(Scraped caption text data)
== Segment start ==
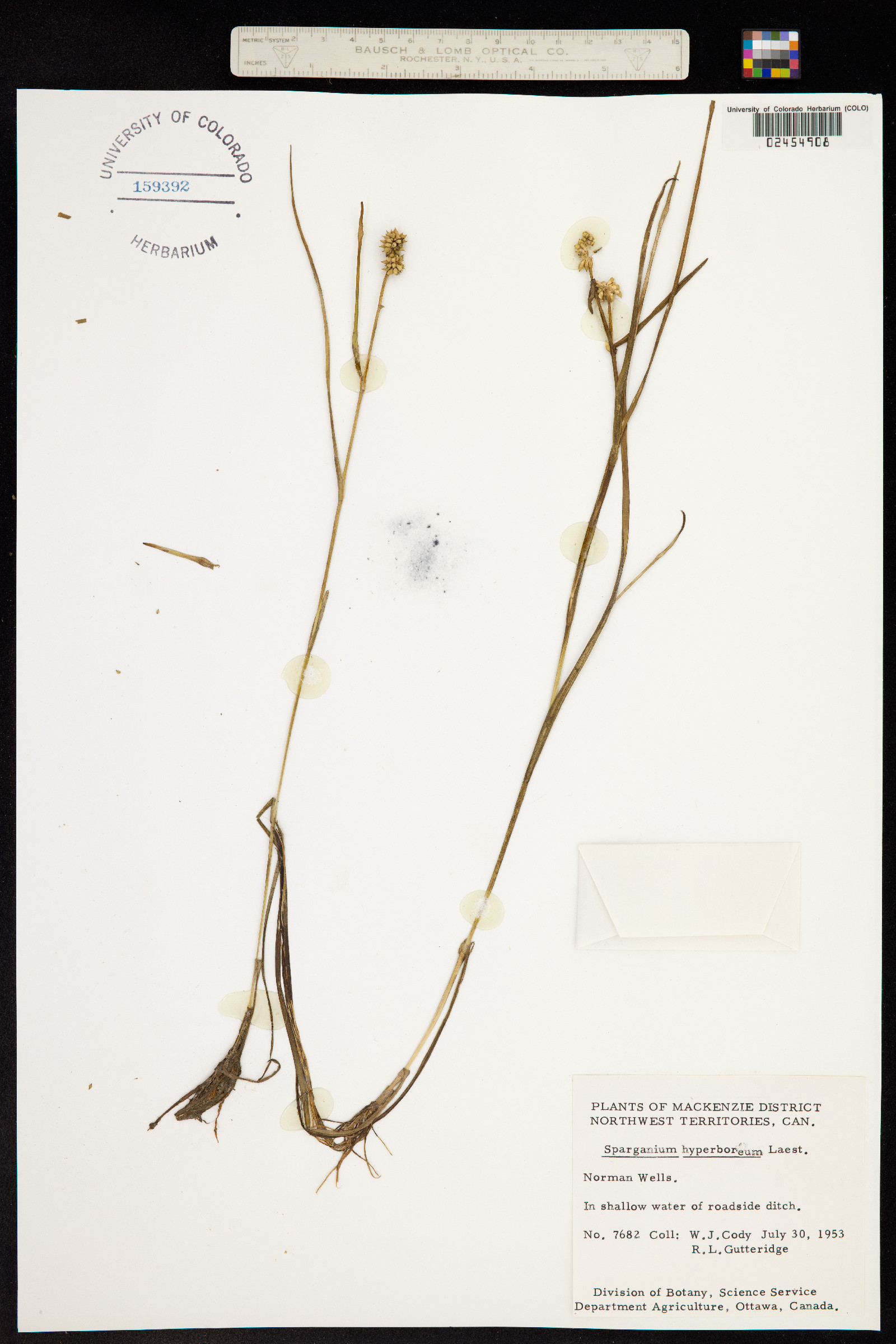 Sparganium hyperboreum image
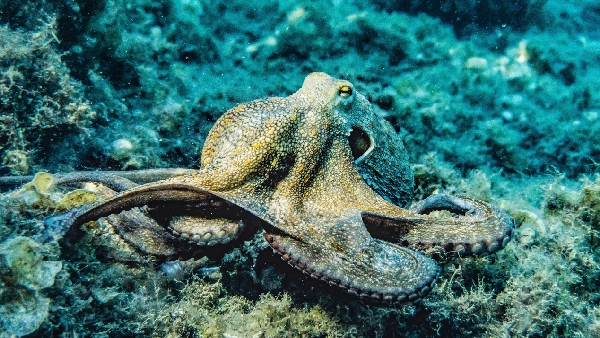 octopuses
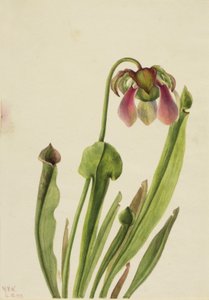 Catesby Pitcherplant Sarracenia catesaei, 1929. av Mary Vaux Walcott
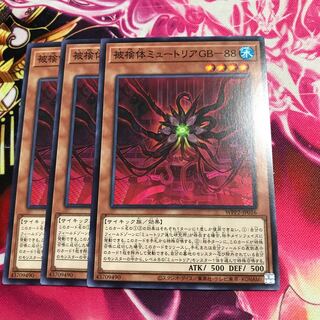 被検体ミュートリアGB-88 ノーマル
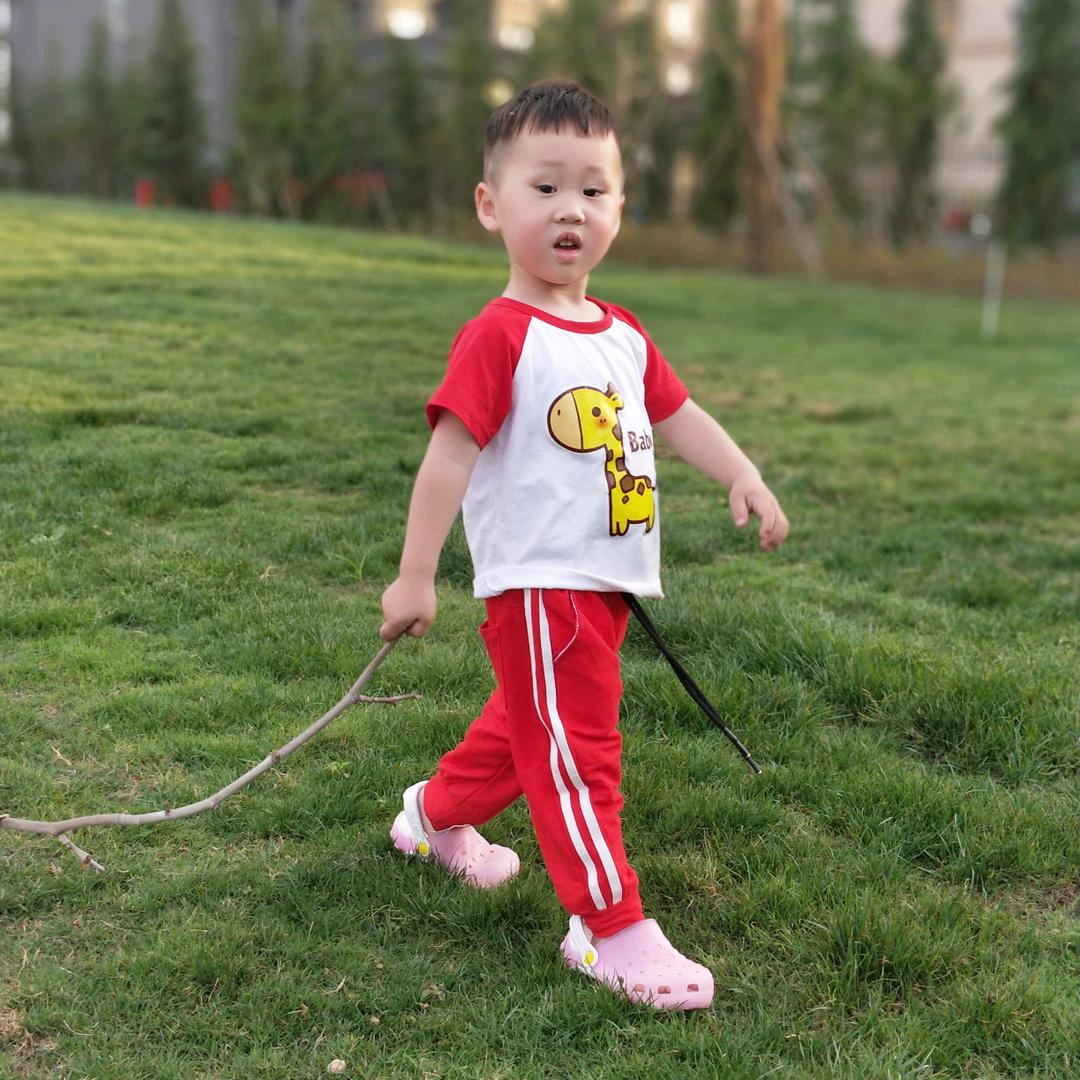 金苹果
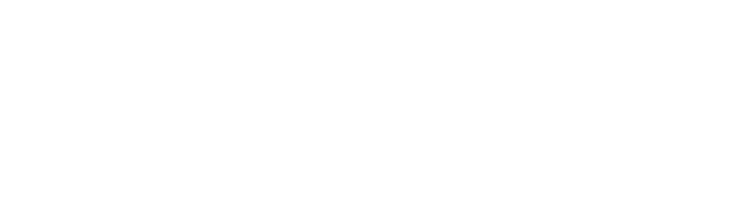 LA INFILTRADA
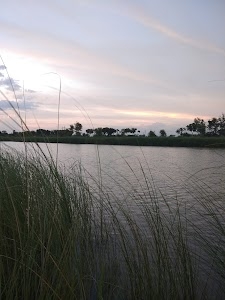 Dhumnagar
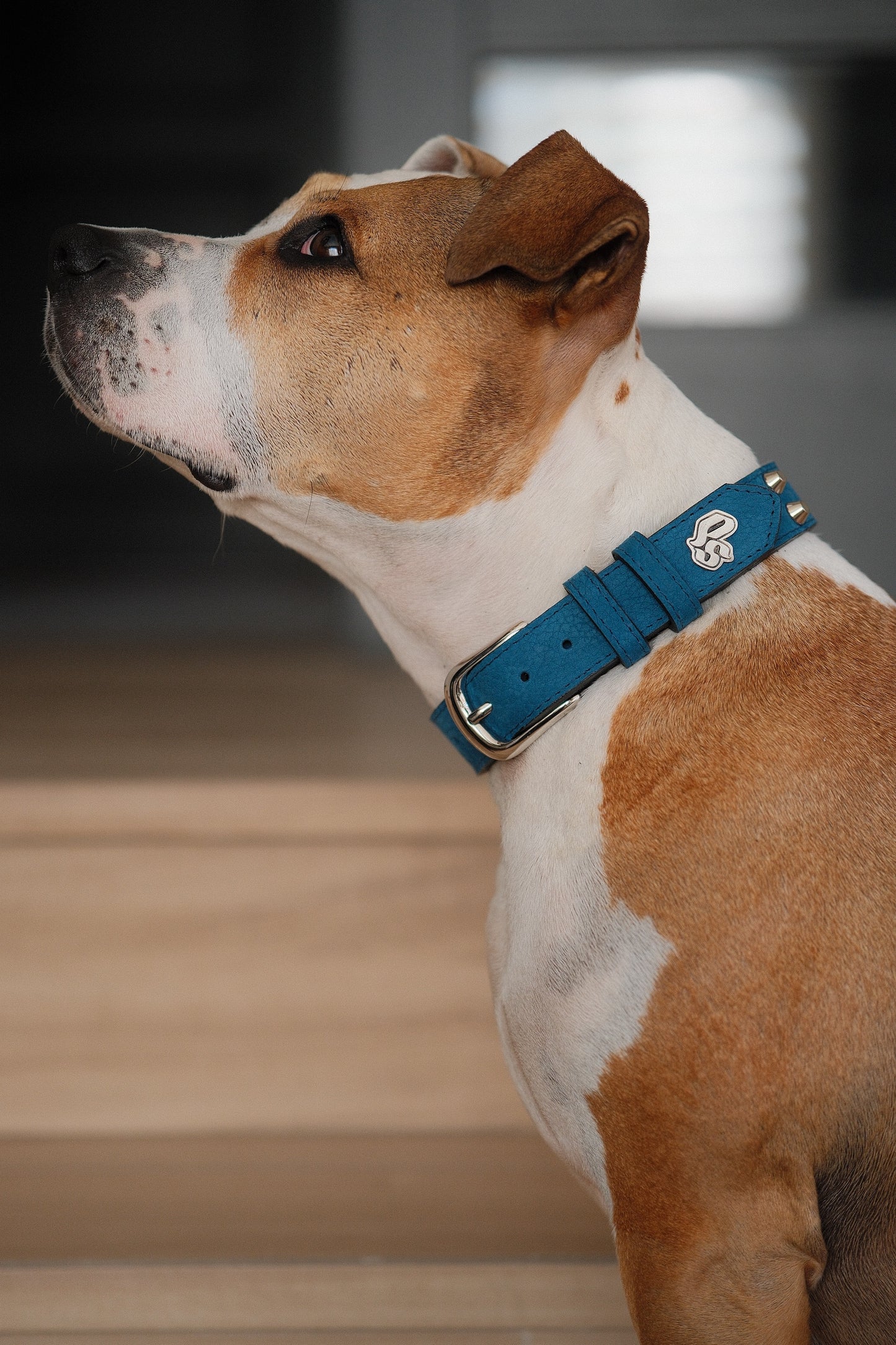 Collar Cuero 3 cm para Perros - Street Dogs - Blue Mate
== Segment end ==
### What to work on
Please copy exactly, and only, the lines from the one that contains "被検体ミュートリアGB-88 ノーマル" through the last line of the data above, omitting all pictures.

### Answer box
 被検体ミュートリアGB-88 ノーマル
 金苹果
 LA INFILTRADA
 Dhumnagar
 Collar Cuero 3 cm para Perros - Street Dogs - Blue Mate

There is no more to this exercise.